Your post is missing one of the cornerstone advantages of having a local CU account, especially for Older clients.

People already pay insurance companies monthly for a policy that pays out on death, many CU’s once criteria is met enhance the deceased persons account, in so many cases this account is on the books for many years. Opening an account today and passing away in two years is not usually covered, one must have a long history and minimum balances.

I have experience recently with a deceased in law who had a CU account for 40+ years, it paid out €1300, all criteria was met, the deceased made sure of that.

This will be hard to swallow for long standing clients of CU’s.

They are not commercial enterprises and have a valuable role to play in local areas.


----------



## NoRegretsCoyote (13 Feb 2019)

This is just what happens when you have very low long-term interest rates.

The price of the future goes up.


----------



## Monbretia (13 Feb 2019)

This topic came up at our recent CU AGM, there were unhappy older members but it's primarily a cost issue.  The premium is going up and the CU income is going down mainly due to the low interest rates that they are getting on their surplus funds.   The balance in accounts was reduced as well from 100k down to I think 50k but could be wrong on that as it didn't affect me anyway!   

While they are not commercial enterprises as such they still must balance the budget and the low interest rate thing plus decline in lending is hitting them big time.


----------



## 24601 (13 Feb 2019)

Palerider said:


> Your post is missing one of the cornerstone advantages of having a local CU account, especially for Older clients.
> 
> People already pay insurance companies monthly for a policy that pays out on death, many CU’s once criteria is met enhance the deceased persons account, in so many cases this account is on the books for many years. Opening an account today and passing away in two years is not usually covered, one must have a long history and minimum balances.
> 
> ...



I don't agree. Paying out unnecessary premiums when surpluses are falling is lunacy - in some cases these businesses aren't viable with their current return on assets. The credit unions are there to serve as lenders to their communities not as investment clubs or insurance payouts for the relatives of deceased members. And they don't need any more deposits and are generally actively discouraging same, which is completely at odds with the provision of generous death insurance products linked to saving balances. That €1,300 was no doubt appreciated but in the grand scheme of things it probably didn't cover a whole pile and resulted in a huge cost to the credit union. 

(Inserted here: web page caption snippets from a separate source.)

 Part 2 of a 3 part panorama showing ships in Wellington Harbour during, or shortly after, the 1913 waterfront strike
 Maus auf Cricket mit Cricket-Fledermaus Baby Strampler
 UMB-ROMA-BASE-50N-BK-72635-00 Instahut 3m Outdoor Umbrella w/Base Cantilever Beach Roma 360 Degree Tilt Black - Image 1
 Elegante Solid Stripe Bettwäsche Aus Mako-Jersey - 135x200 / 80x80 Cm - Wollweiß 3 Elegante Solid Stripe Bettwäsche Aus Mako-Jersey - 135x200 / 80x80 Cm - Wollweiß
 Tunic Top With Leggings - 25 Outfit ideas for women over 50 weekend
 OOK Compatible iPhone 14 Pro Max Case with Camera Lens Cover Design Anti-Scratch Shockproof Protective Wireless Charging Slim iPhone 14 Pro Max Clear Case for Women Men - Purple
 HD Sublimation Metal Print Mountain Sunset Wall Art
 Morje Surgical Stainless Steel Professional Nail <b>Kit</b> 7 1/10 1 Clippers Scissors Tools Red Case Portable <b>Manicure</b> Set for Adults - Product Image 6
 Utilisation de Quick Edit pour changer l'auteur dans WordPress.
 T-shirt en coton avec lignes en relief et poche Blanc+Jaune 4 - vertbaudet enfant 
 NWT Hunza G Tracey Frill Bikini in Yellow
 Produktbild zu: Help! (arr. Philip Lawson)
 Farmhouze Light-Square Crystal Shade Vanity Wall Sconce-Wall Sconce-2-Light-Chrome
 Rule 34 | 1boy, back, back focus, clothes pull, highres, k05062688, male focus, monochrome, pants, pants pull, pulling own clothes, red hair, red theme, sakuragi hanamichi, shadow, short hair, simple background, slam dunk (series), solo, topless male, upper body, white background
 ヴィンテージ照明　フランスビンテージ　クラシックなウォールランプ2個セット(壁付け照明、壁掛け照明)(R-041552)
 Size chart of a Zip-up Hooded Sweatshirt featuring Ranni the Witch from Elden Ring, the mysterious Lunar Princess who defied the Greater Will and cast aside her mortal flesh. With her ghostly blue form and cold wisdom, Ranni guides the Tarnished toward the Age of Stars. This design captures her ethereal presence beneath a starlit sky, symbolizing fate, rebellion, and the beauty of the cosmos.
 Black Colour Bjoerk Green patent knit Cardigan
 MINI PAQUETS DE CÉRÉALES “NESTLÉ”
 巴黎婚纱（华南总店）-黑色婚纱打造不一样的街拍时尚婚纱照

This idea that they are not commercial enterprises is a misnomer - they're not-for-profits but they need to generate surpluses to continue existing. I'd rather they leaned up to provide genuine alternatives to banks for younger people now and into the future than dwindling away their reserves to make big insurance payouts to the next of kind of older members. Boards and management should be trying to shore up future viability, not retain archaic, expensive insurance benefits.


----------



## Feemar5 (13 Feb 2019)

Credit unions are now run like banks - does this reduction apply in all credit unions?    if so I feel members should be notified as many older people have factored this grant into their financial affairs. Our local credit union used the insurance cover as part of their advertising.    I know they have problems with their surpluses but they need to be honest with members.


----------



## odyssey06 (13 Feb 2019)

Feemar5 said:


> Credit unions are now run like banks - does this reduction apply in all credit unions?    if so I feel members should be notified as many older people have factored this grant into their financial affairs. Our local credit union used the insurance cover as part of their advertising.    I know they have problems with their surpluses but they need to be honest with members.



It is happening on a case by case basis, from what I can tell from the linked article:
_The Irish League of Credit Unions said eight of its member credit unions reduced the level of death benefit insurance last year, and seven lowered the cover in 2017._


----------



## odyssey06 (13 Feb 2019)

Monbretia said:


> This topic came up at our recent CU AGM, there were unhappy older members but it's primarily a cost issue.  The premium is going up and the CU income is going down mainly due to the low interest rates that they are getting on their surplus funds.   The balance in accounts was reduced as well from 100k down to I think 50k but could be wrong on that as it didn't affect me anyway!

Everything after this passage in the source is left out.